# EaglesBlood - ICS Working On G2x with v21y Baseband



## mpenrod

Just wanted people to know that EaglesBlood figured out ICS on the G2x with the v21y baseband. I'm not affiliated with them, just a user that has happily had ICS on his G2x since last week.

Works great, very fast, only known problem is Netflix doesn't work.

http://www.eaglesblood.com/#!Download AOSP/cnzj


----------



## nmyron

I'm running Domination v77, and its working as well using a patch. However, from the best of my knowledge all ICS roms have issues on the new BB. For instance, Bluetooth calling does not work. Calls won't transfer to the headset, or, if they do, you don't get audio (though A2DP does work). Can you confirm/deny this is the case on Eaglesblood?

Sent from my LG-P999 using Tapatalk 2


----------



## mpenrod

I can't since I don't use Bluetooth for anything. I've never found the sound quality to be good enough, and as I travel extensively for work, a nice headset is always handy for me.


----------



## dodgefan67

i've tried EB (both ICS and GB) with the new BB and bluetooth doesnt work. it doesnt work with the latest CM7.2 either so thats not specific to ICS

the support EB build 4 has with the new BB is for calls. if you have the new BB and do not use a rom (or owains patch) that supports it, then you cant make calls, everything else works, but you wont be able to use your phone as a phone


----------



## nmyron

What EB rom? I tried flashing the EB and did the new BB support option during install and still couldn't make/receive calls using my BT headset. A2DP worked fine, but still no call audio.

Sent from my LG-P999 using Tapatalk 2


----------



## dodgefan67

nmyron said:


> What EB rom? I tried flashing the EB and did the new BB support option during install and still couldn't make/receive calls using my BT headset. A2DP worked fine, but still no call audio.
> 
> Sent from my LG-P999 using Tapatalk 2


i said the same thing. EB build 4 which is the latest ICS rom. its not an eaglesblood issue as i said i have the same issue when using CM7. with the new baseband calls will not get routed through a bluetooth headset, streaming audio works fine though


----------



## nmyron

I know its not ICS related, I tried CM7 stable just as you did. But the v4 of EB 4.0.4 is the same file, same check sum, as the one on my SD card, and it didn't work. Only A2DP.

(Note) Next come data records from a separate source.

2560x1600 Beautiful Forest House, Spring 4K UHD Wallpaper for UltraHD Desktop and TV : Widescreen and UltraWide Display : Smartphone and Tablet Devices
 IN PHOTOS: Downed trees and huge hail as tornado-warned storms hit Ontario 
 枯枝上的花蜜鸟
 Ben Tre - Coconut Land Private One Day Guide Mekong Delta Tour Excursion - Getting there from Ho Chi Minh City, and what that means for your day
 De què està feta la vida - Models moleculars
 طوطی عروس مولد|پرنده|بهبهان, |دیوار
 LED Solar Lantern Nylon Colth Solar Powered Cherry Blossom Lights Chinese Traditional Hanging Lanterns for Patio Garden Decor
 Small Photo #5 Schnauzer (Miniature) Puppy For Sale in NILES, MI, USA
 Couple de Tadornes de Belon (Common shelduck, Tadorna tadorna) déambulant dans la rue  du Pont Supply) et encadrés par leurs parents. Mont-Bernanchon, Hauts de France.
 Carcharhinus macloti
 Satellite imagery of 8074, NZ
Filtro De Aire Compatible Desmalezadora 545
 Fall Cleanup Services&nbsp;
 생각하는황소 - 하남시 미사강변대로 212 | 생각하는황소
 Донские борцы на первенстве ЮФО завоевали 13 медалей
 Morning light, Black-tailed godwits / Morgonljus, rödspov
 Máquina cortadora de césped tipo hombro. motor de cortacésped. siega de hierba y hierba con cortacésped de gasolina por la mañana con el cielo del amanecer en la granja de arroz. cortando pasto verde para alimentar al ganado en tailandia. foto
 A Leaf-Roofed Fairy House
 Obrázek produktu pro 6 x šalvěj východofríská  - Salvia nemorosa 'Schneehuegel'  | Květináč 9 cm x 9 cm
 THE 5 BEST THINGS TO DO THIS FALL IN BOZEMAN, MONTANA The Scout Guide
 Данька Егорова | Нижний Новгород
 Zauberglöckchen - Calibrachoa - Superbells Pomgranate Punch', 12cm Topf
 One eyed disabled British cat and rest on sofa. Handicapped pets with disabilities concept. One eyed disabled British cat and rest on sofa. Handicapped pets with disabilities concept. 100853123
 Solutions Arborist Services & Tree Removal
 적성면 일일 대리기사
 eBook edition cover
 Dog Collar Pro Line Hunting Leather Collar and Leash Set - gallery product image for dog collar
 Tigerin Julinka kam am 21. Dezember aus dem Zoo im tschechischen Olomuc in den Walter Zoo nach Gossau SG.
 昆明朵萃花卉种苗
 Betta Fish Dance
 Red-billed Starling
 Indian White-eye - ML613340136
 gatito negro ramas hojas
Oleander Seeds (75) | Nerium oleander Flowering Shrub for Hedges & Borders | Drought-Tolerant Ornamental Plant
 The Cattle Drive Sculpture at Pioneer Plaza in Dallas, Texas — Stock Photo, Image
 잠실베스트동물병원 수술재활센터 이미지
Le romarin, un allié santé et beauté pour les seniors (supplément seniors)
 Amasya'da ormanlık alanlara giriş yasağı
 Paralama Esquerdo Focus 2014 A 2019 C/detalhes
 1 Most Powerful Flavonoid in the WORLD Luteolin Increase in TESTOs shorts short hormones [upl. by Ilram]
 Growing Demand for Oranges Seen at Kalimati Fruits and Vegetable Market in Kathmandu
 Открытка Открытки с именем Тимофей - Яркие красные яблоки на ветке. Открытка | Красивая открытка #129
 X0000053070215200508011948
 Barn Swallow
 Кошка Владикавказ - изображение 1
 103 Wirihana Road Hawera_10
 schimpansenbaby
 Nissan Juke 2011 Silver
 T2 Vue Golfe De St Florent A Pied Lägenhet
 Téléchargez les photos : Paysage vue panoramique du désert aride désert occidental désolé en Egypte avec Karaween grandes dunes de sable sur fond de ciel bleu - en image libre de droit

Sent from my LG-P999 using Tapatalk 2


----------



## nmyron

egb-nightly-2012-06-01-signed.zip right?

Sent from my LG-P999 using Tapatalk 2


----------



## dodgefan67

nmyron said:


> egb-nightly-2012-06-01-signed.zip right?
> 
> Sent from my LG-P999 using Tapatalk 2


yes that is the same one, build 4


----------



## zalphaunder

dodgefan67 said:


> i've tried EB (both ICS and GB) with the new BB and bluetooth doesnt work. it doesnt work with the latest CM7.2 either so thats not specific to ICS
> 
> the support EB build 4 has with the new BB is for calls. if you have the new BB and do not use a rom (or owains patch) that supports it, then you cant make calls, everything else works, but you wont be able to use your phone as a phone


You have to flash your phone back to stock and get the T-Mobile Baseband update along with the latest Gingerbread ROM. At that point you can flash to Eaglesblood ICS with working 21y baseband. I had the same problem on my phone and its because I tried to flash EGB before updating baseband. iow.. you cant just flash to rom with 21y baseband support unless you have updated from 21e baseband to 21y baseband already. I havent tested BT headsets bc I dont use them, but it works great for normal calling.


----------